PROBLEM TO SOLVE: Look through the records below for the line with "Fanellë futbolli për fëmijë Zina, e kuqe" and the line with "Ancient Egyptian bowl", then return those lines and all lines between, exactly.

Excerpts from a dataset:
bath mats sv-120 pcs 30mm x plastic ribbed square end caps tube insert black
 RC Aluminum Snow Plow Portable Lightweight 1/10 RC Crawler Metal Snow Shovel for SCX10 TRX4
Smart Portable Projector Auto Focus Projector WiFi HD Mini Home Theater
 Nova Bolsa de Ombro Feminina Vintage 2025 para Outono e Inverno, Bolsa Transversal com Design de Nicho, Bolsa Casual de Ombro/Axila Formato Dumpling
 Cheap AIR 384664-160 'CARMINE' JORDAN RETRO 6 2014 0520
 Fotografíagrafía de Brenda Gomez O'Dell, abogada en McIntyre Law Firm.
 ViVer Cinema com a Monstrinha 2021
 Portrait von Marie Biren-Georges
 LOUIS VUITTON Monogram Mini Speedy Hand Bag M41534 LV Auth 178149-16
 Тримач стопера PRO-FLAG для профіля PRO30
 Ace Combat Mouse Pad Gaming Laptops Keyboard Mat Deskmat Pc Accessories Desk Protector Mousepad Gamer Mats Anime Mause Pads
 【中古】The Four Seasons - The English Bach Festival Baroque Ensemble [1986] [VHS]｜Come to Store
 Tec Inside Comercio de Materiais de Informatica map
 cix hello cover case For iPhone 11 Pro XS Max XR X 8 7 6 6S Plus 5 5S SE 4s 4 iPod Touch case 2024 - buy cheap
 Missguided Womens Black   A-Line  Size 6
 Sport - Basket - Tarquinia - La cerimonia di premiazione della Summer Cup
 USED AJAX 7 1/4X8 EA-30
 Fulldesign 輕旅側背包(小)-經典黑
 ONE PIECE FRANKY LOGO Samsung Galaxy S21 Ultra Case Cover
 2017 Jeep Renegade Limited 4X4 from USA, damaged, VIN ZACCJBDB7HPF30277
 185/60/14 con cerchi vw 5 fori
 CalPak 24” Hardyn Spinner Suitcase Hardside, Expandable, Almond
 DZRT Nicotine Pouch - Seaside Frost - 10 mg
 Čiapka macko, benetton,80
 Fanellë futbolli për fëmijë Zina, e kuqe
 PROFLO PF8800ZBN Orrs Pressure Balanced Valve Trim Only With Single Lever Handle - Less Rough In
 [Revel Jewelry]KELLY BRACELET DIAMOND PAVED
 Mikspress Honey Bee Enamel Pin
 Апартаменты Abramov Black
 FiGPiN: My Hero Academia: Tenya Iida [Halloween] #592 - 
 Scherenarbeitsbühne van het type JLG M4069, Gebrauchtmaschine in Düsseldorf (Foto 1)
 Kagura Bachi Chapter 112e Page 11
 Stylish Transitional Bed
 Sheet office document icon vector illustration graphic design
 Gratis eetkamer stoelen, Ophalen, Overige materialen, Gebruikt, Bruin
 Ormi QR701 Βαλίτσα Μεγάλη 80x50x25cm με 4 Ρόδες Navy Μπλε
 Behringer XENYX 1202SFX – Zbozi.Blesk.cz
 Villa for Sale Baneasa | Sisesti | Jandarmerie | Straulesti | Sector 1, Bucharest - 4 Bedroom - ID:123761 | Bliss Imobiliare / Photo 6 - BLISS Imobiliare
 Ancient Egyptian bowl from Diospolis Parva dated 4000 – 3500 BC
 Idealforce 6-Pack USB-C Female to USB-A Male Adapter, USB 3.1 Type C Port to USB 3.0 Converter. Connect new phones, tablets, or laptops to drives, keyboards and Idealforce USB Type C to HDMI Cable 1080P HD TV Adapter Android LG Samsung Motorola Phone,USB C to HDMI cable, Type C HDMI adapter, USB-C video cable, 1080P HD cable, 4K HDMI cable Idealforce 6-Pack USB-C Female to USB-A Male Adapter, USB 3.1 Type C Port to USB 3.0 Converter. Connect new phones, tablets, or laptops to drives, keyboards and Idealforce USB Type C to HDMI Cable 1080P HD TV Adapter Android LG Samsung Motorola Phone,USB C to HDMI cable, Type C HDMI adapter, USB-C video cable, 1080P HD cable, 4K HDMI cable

ANSWER SPACE:
 Fanellë futbolli për fëmijë Zina, e kuqe
 PROFLO PF8800ZBN Orrs Pressure Balanced Valve Trim Only With Single Lever Handle - Less Rough In
 [Revel Jewelry]KELLY BRACELET DIAMOND PAVED
 Mikspress Honey Bee Enamel Pin
 Апартаменты Abramov Black
 FiGPiN: My Hero Academia: Tenya Iida [Halloween] #592 - 
 Scherenarbeitsbühne van het type JLG M4069, Gebrauchtmaschine in Düsseldorf (Foto 1)
 Kagura Bachi Chapter 112e Page 11
 Stylish Transitional Bed
 Sheet office document icon vector illustration graphic design
 Gratis eetkamer stoelen, Ophalen, Overige materialen, Gebruikt, Bruin
 Ormi QR701 Βαλίτσα Μεγάλη 80x50x25cm με 4 Ρόδες Navy Μπλε
 Behringer XENYX 1202SFX – Zbozi.Blesk.cz
 Villa for Sale Baneasa | Sisesti | Jandarmerie | Straulesti | Sector 1, Bucharest - 4 Bedroom - ID:123761 | Bliss Imobiliare / Photo 6 - BLISS Imobiliare
 Ancient Egyptian bowl from Diospolis Parva dated 4000 – 3500 BC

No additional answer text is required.